As part of the Allied Campaign to retake their possessions in the East, Allied forces deployed to Borneo under the Borneo Campaign to liberate the island. The Australian Imperial Force (AIF) played a significant part in the mission, with the force being sent to Tarakan and Labuan islands to secure the east and western Borneo. The Allied Z Special Unit provided intelligence gatherings and other information from the Japanese that could facilitated the AIF landings, while US submarines were used to transport Australian commandos to Borneo. Most of the major towns of North Borneo were heavily bombed during these period. The war ended on 15 August 1945 following the Japanese surrender and the administration of North Borneo was undertaken by the British Military Administration (BMA) from September. The company official administration returned to administer the territory but, unable to finance the reconstruction cost after the war, ceded administration of the protectorate to the crown colony government on 15 July 1946.

Government 

The Chartered Company's system of administration was based on standard British colonial empire administration structures, with the land divided into Residencies, and sub-divided into Districts. Initially, there were only two Residencies: East Coast and West Coast, with Residents based at Sandakan and Jesselton respectively. Each Residency was divided into Provinces, later known as Districts, which were run by district officers. By 1922, there were five Residencies to accommodate new areas that were opened up for development. These were the West Coast, Kudat, Tawau, Interior and East Coast Residencies. These Residencies were in turn divided into 17 districts. Under this system, British held top posts, while native chiefs managed the people at grassroots level. This was not a conscious attempt by the British to instill indirect rule but a convenient arrangement for the district officers who were unfamiliar with local customs and politics.

The company administration established a foundation for economic growth in North Borneo by restoring peace to a land where piracy and tribal feuds had grown rampant. It abolished slavery and set up transport, health and education services for the people, and allowed indigenous communities to continue their traditional lifestyles. The British North Borneo Constabulary, the territory's police force, in 1883 comprised 3 Europeans, 50 Indians (Punjabis and Pashtuns), 30 Dayaks, 50 Somalis and 20 Malays. Constables trained at depot an average of three days per week. In 1884 the force had a total of 176 members, which increased to about 510 over three years. While under the protectorate, international relations fell under the purview of the British government, internally North Borneo was governed by the North Borneo Chartered Company as an independent state with British protection.

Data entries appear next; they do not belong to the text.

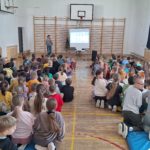 Sala gimnastyczna podczas warsztatów – uczniowie siedzą na materacach na podłodze, a prowadząca stoi przy ekranie i omawia prezentację dotyczącą Zespołu Downa.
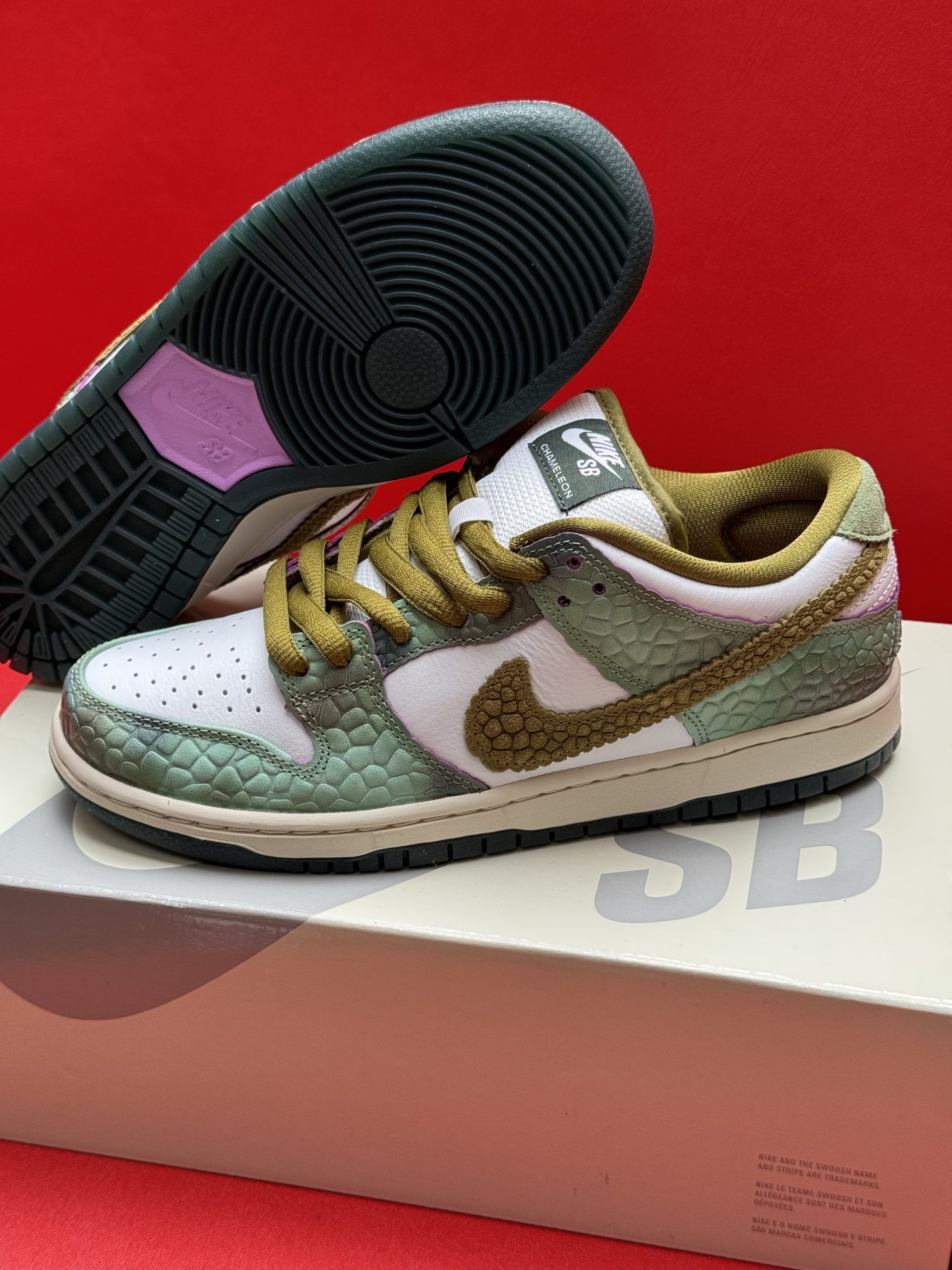 Nike SB Dunk Low sneakers in white, green, and brown, sitting on a shoebox against a red backdrop.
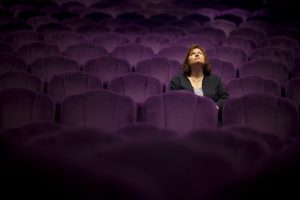 a woman sitting in the theater - she looks up - selctive focus on women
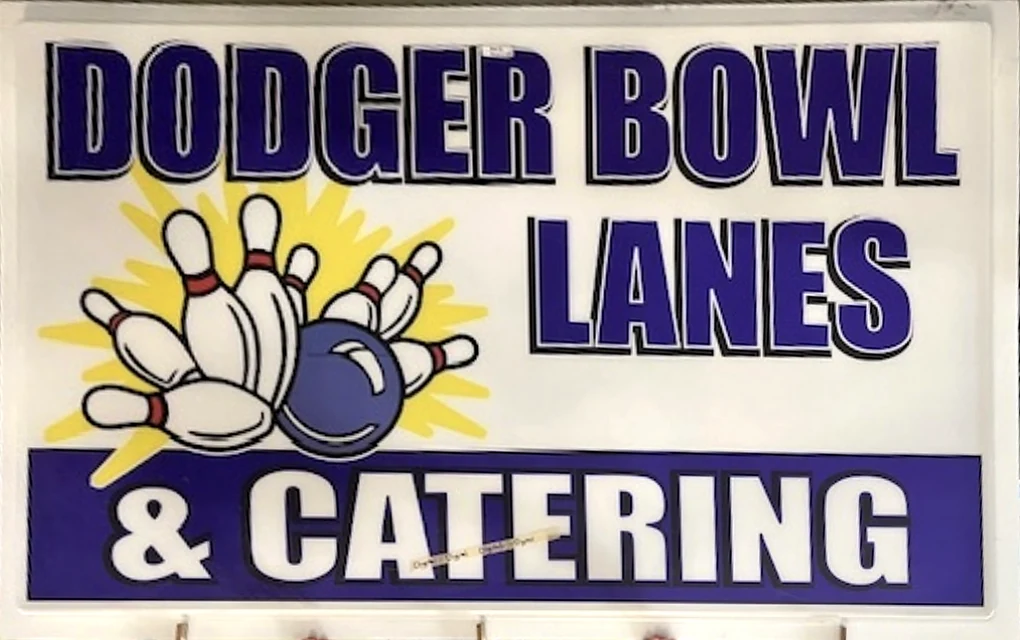 Dodger Bowl Lanes & Catering sign face in purple and yellow, photographed during fabrication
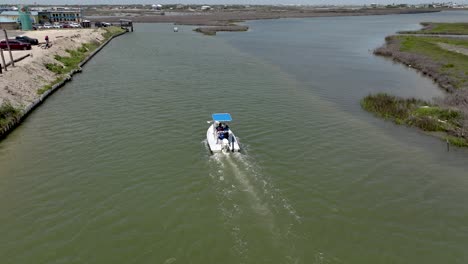 Aerial-view-of-a-Center-console-boat-idling-in-to-port-at-the-Cove-harbor-Marina-in-Rockport,-Texas-in-4K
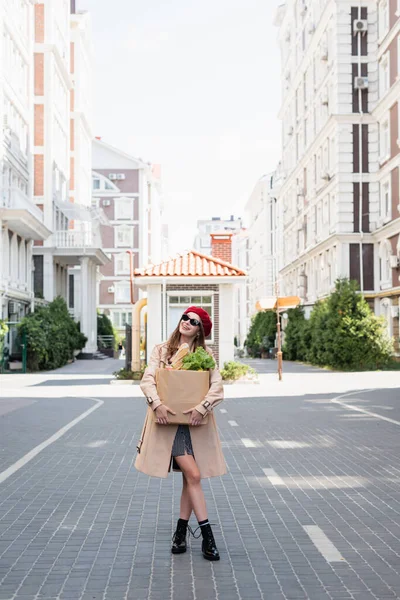 Full length of cheerful woman in trench coat, sunglasses and red beret holding paper bag with groceries on urban street — Stock Photo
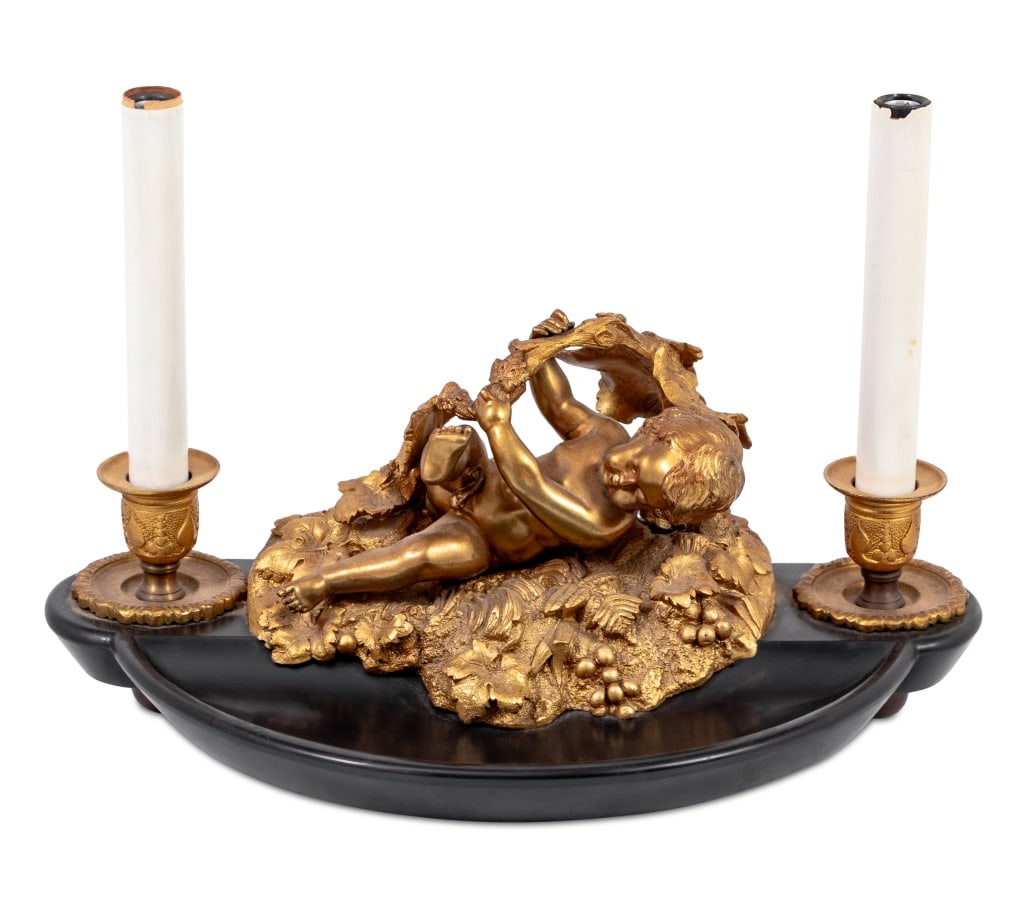 Charles Cumberworth Gilt Bronze Slate Pen Stand: Charles Cumberworth (French, 1811-1852) Gilt Bronze and Black Slate Pen Stand, late 19th century, the D-shaped pen tray mounted with central reclining cherub flanked by candlesticks, the central bronz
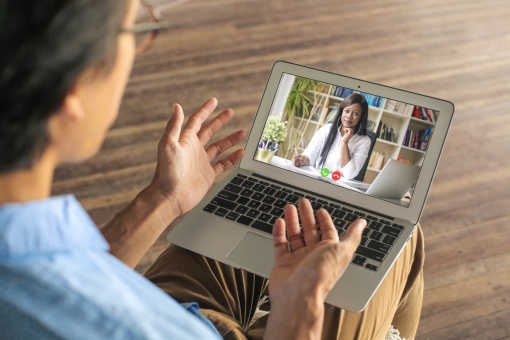 Man speaking to his psychologist via telemedicine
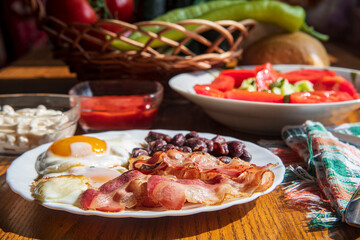 Fried eggs, bacon and beans on a wooden table...vegetable for the breakfast...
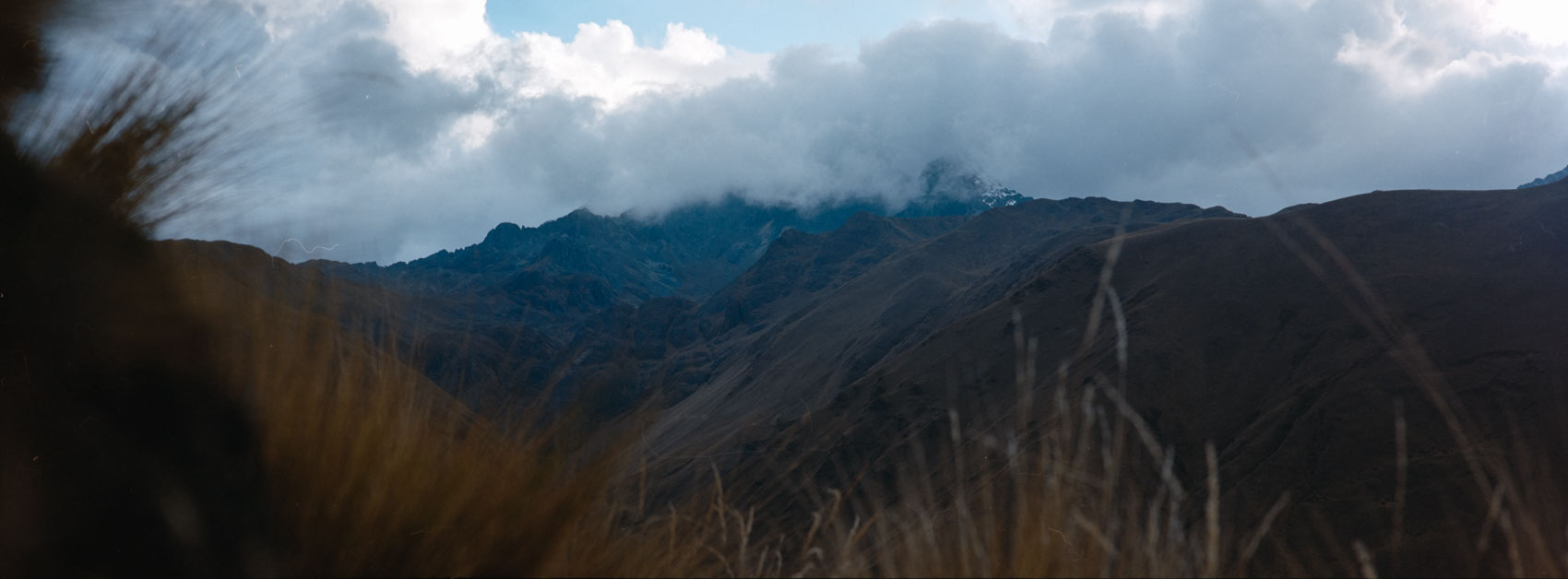 Panoramic film photograph taken near Machu Picchu elevation, showing the mountain peaks covered in dark clouds in the Andean mountains, highlighting everyday life at high altitude.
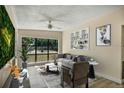 Bright living room with a large window offering ample natural light and neutral decor at 3251 34Th N Ave, St Petersburg, FL 33713
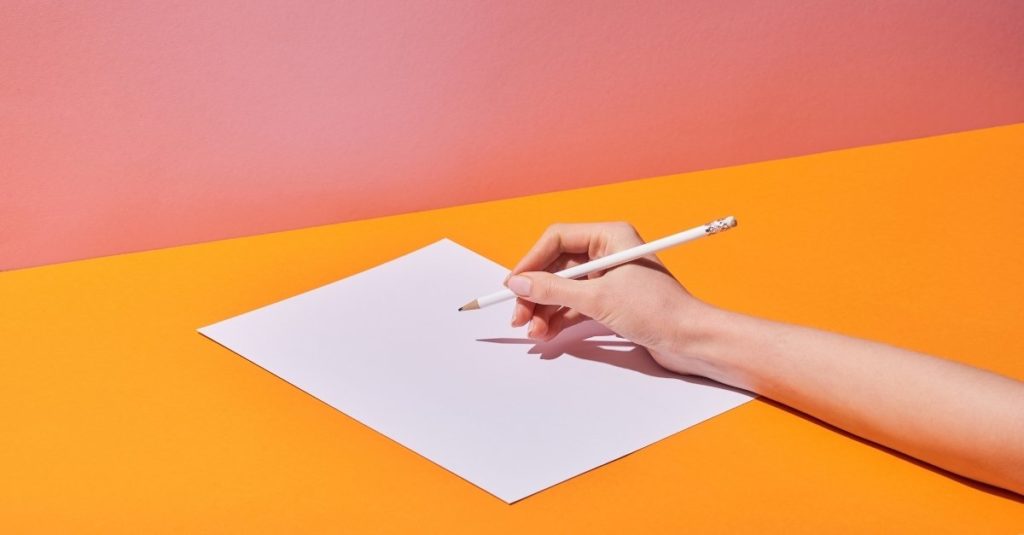 Ymmärrettävä kieli -artikkelin kuvituskuva: Henkilön käsi kirjoittamassa lyijykynällä valkoiselle A4-paperille. 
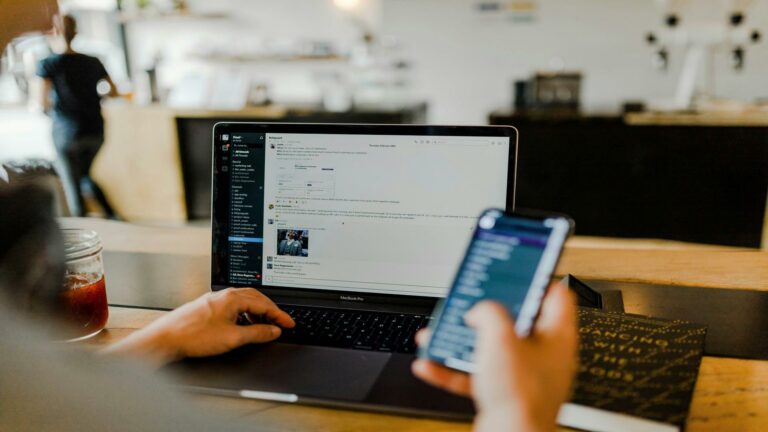 Person using a laptop and smartphone for digital communication to build customer relationships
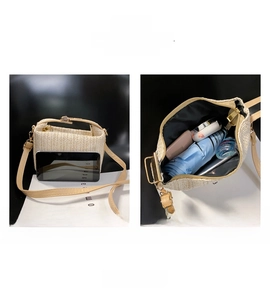 Detail view of beige straw woven crossbody bag showing large internal capacity for daily items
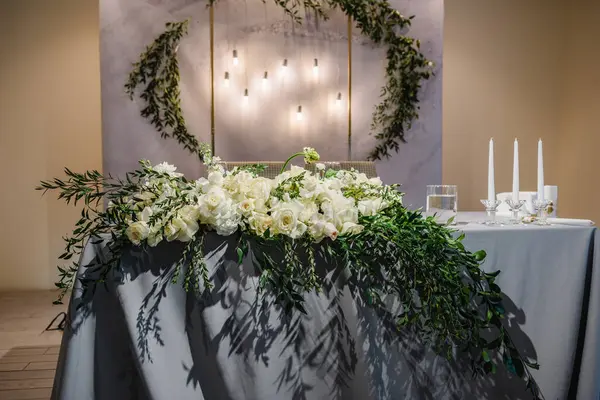 Festive table with arch decorated composition flowers and greenery, candles in hall restaurant. Table newlyweds covered with a tablecloth in banquet area on wedding party. Table setting, reception.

The treaty signed on 12 May 1888 stipulated:

I. The State of North Borneo comprises the territories specified in the said Royal Charter, and such other territories as the Company have acquired, or may hereafter acquire, ‘under the provisions of Article XV of the said Charter.
It is divided into nine Provinces, namely:

Province Alcock;
Province Cunliffe;
Province Dent;
Province Dewhurst;
Province Elphinstone;
Province Keppel;
Province Martin;
Province Mayne;
Province Myburgh.

II. The State of North Borneo shall continue to be governed and administered as an independent State by the company in conformity with the provisions of the said Charter; under the protection of Great Britain; but such protection shall confer no right on Her Majesty's Government to interfere with the internal administration of the State further than is provided herein or by the Charter of the Company.
III. The relations between the State of North Borneo and all foreign States, including the States of Brunei and of Sarawak, shall be conducted by Her Majesty's Government, or in accordance with its directions; and if any difference should arise between the Government of North Borneo and that of any other State, the Company, as representing the State of North Borneo, agrees to abide by the decision of Her Majesty's Government, and to take all necessary to give effect thereto.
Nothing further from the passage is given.